Celebrating 20 years helming her family’s company, Angela Missoni and avant-garde cinema legend Jonas Mekas explore the concept of home.
Last month, Missoni debuted the third installment of their Surface Conversion Project, an unexpected and beautiful merging of art and commerce, modern art and luxury fashion. The first exhibition featured Servane Mary, known for her reconfigurations of press images of women from the ‘40s to the ‘70s. The second installment last spring was curated by Raphael Castoriano, founder of art-meets-sugar startup Kreemart. Now, the space has taken on the feel of an old cinema — flickering with birth and recollection — created by Jonas Mekas, the 94-year-old filmmaker, poet, and artist often referred to as the father of American avant-garde cinema.

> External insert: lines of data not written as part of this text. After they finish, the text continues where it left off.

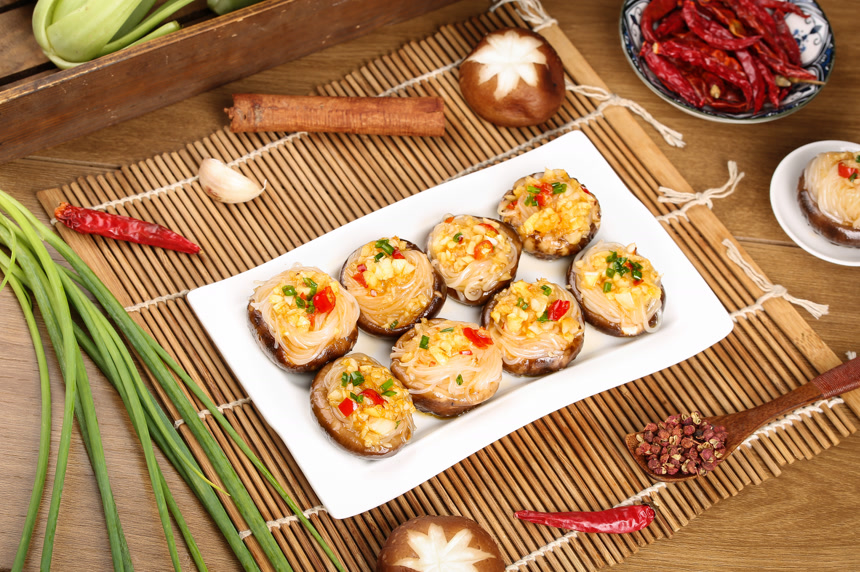 盘子里的香菇蒸粉丝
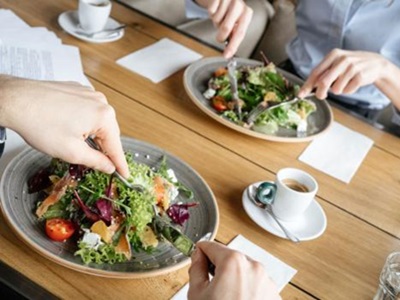 Los comensales europeos exigen opciones más saludables, lo que impulsa la innovación en los menús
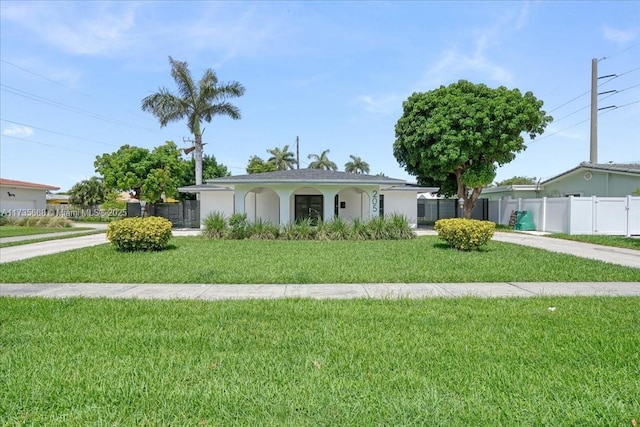 ranch-style home featuring a front lawn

The exhibition seems a bit like kismet. It was Angela Missoni’s 20th anniversary heading her family’s business, and, Missoni tells COOLS, Mekas had the idea for his botanically inspired works 20 years ago. The space is all warm oranges, Indian paintbrush reds, deep purples and sky blues. It’s as close as a luxury store on Madison Avenue gets to feeling like home — and home, as it turns out, is a defining part of the show. The inspiration for the exhibition was based on a journal entry Mekas made in 1997:
“Last night I had an ecstatic dream.
Suddenly before my eyes appeared fields and fields of wild flowers. They were passing by my eyes. Field after field, the meadows full of flowers in the most exquisite colors: blue, yellow, red, purple and they were all so real. I could almost smell them, like in my childhood.
I told this dream to Auguste this morning. So he said, you know, this dream tells you that in your previous life you were a bee. Yes, I said, it must be so. I always liked flowers, I always gathered them as a child for the healing woman of my village. She trusted only me. I knew all the flowers of our village and the neighboring villages too. So you may be right. I always had a very personal relationship with flowers.”

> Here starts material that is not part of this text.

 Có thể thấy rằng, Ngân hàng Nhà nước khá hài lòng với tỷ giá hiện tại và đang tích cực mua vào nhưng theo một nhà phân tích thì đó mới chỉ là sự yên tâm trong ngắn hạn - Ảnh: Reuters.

The exhibition features a dual-screen video installation visible to passersby from the store’s front windows, with flowers that flicker and become more vivid as the night goes on. In a screening room on the second floor, a special version of Mekas’ Walden, his film manifesto in diary form, recomposes and splits the original version onto two screens. Missoni says she and Mekas connected through a close mutual friend when he did an exhibition in Italy a few years ago. They bonded over their similar backgrounds, both having refugee fathers. Missoni gets openly emotional when she talks about her father and what home means to her.
“My father was a refugee in 1946, after the war,” she explains. “He had an Italian passport in what today you would call Croatia. He was born and raised in Ragusa, today called Dubrovnik. He left for the war fighting in Egypt, and when he came back his city was not there anymore. His family was all refugees and they had to start over again. That feeling of home…my father was someone who didn’t complain and always looked forward. People who would leave their country to go to work, they might dream about their country. I don’t have a place to dream about because it was razed down by bombs.”
Originally from Lithuania, Mekas found refuge in the U.S. with his brother after being held at a concentration camp in Elmshorn, Germany in 1944 for eight months. Both Mekas and Missoni found kindred spirits in each other, an essence Missoni searches for the English translation of the Italian phrase she has in mind. She says the phrase in Italian to a friend nearby her at the opening. He searches Google translate and finds the phrase “elective affinities.” It’s a phrase that may not have a specific translation in English but most certainly describes a feeling mutually understood.
“When you’re very close, and you have a very special relationship on a high spiritual level,” Missoni says of Mekas. “Sometimes you meet somebody, and you know you are kind of connected. You understand each other immediately.”
Blue, Yellow, Red, Purple is on view at 1009 Madison Avenue through January 31, 2018.